We kissed longer than I’d expected, sparring with our tongues as we lapped the warmth from each other. I reveled in everything: his flat little nipples (as inexpressive as his dick was eloquent), the musty pucker of his butt, the satiny slap of his meat against my face. We ended up side by side, jerking off together, and I found myself laughing out loud as I came, a guttural volley from the back of my throat that shoved out my last ounce of breath. He smiled at me sleepily, then swiped at my come with his forefinger. “Daddy,” he murmured, and slid the finger into his mouth.
I lost track of time. I was already in that place where just the heat of someone’s leg across your own seems to contain everything extraordinary that came before. I was struck by the sense of relief I felt, the feeling of having come home again to my own body. I’d been sleeping alone for less than two months and would never have guessed how deeply I’d missed the sound of another heartbeat so near, this warm, entangled, animal reassurance. What I had here wasn’t a disembodied voice on the phone or a distant building winking in the fog; this was the real goods, however casual or anonymous. Everything seemed possible again—or at least redeemable.
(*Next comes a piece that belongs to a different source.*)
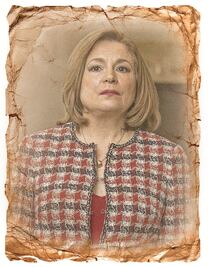 Arely Gómez, la ajedrecista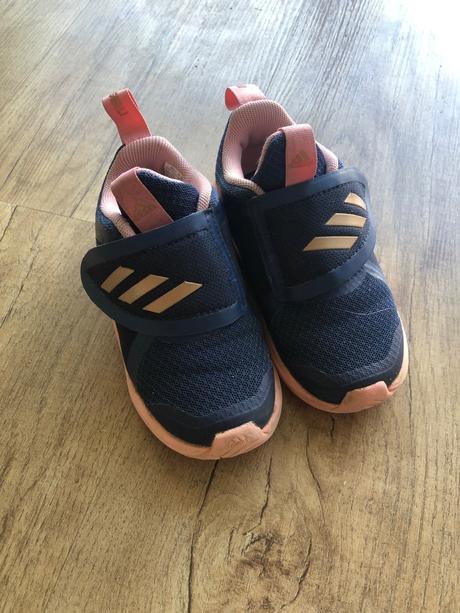 Tenisky adidas, adidas,25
“Should I be going?” I asked.
“That’s okay.”
“To go or to stay?”
He chuckled quietly, lumbering to his knees, his tackle dangling clumsily between his legs. Then he pulled a paper bag from the corner and began—rather earnestly—to search for something. For one blood-chilling moment those headlines started up again, predict-ing a grisly end for our visitor from California. Then Mr. Dahmer-Gein exhumed a couple of family-sized Snickers bars and handed one to me.
“Hey,” I said. “Dinner and a movie.”
“No…sorry. I don’t have a VCR.”
I didn’t bother to explain my flimsy metaphor, just tore into the candy bar as he slid in next to me, warming my side again.
“Is that your family?” I asked, nodding toward the photo on the visor.
“Yeah.”
“Nice-looking.”
“Thanks.”
One of the kids in the picture was in his early adolescence. His head was partially in the shadows and covered with a baseball cap, but there was something about the line of his cheekbone and the light in his eye, something about that crooked little Bart Simpson smile…It was impossible, of course, and utterly absurd, but the more I studied the picture the more I toyed with the creepiest idea: What if that actually was Pete up there? And what if somehow—through the wildest of flukes—I had stumbled across his real father, stumbled across him and sucked his cock in the back of a truck?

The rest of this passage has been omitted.